Al Mahmood was not alone in praising Qatar's successful bid. He was joined by Marcel Desailly, the former France football international and a member of the 1998 World Cup winning team.
"I am on Sepp Blatter's side in providing Russia and Qatar with the opportunities," Desailly said yesterday at a media event at the Emirates Palace hotel to announce the nominees for the 2011 Laureus World Sports Awards.
"I truly believe in taking the game beyond the boundaries of the established nations. The football World Cup is not only a great sporting event but it helps to develop the sport in all continents, and I am sure Russia and Qatar and the entire region will hugely benefit.
"I am sure Qatar will take the game into a new level in terms of technology and facilities. A World Cup in the region will also help the sport grow and teams get stronger with the incentive to play on the big stage."
The ADSC's aim, meanwhile, is to make the capital an international sporting hub as well as developing grass-roots talent.
Al Mahmood believes that in less than four years they have showcased more than their fair share of the sporting glitz and helped create awareness among the country's youth.
"The success we have had during this short period is not for us to talk about, but the international events Abu Dhabi has staged in the past three years speaks by itself," al Mahmood said. "We have a full calendar of international sporting events and I can only think it will keep growing in the next few years. Every single international event attracts the world's media and spotlight on Abu Dhabi as one of the most exciting new sporting venues.
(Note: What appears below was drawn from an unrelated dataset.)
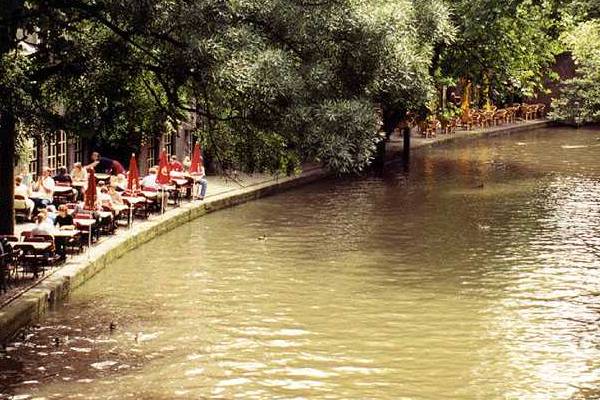 Cafeterras aan de oudegracht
"We have a full agenda of events starting from this January and also a few ideas to be implemented, with plans for cricket, one of the sporting events that has still to come under our purview. There is no rush to take all at once, but we will gradually have all the sports under our organisation, mostly to help growth and development at all levels."
The capital's year started with the Abu Dhabi World Tennis Championship that saw top-seeded players Rafael Nadal and Roger Federer feature in the final.
Next is the Abu Dhabi Championship, golf's European Tour curtain-raiser tournament from January 20 to 23. It will be followed by the Laureus Awards in February.
The ADSC's vision is not just to portray the city as a sporting venue for international events, but also to create a sporting culture among the capital's children.
"We have ventured into community sport and we are helping and supporting the local clubs.
"We have created new facilities, particularly individual medal winning sports. We have set up five training centres for the youth to choose from boxing, judo and fencing.
"These facilities are in full swing and now the athletic federation has made a proposal to set up a centre of excellence for women athletes, and it is under consideration."
Abu Dhabi has been the venue for the Laureus World Sports Awards for two successive years and it is likely the presentation ceremony will remain in the capital.
"We haven't had a better welcome and a better host than Abu Dhabi," Dr Guy Sanan, the Laureus chief executive, said. "There are a few cities interested in hosting this event but we will have a talk with Abu Dhabi before considering the other venues."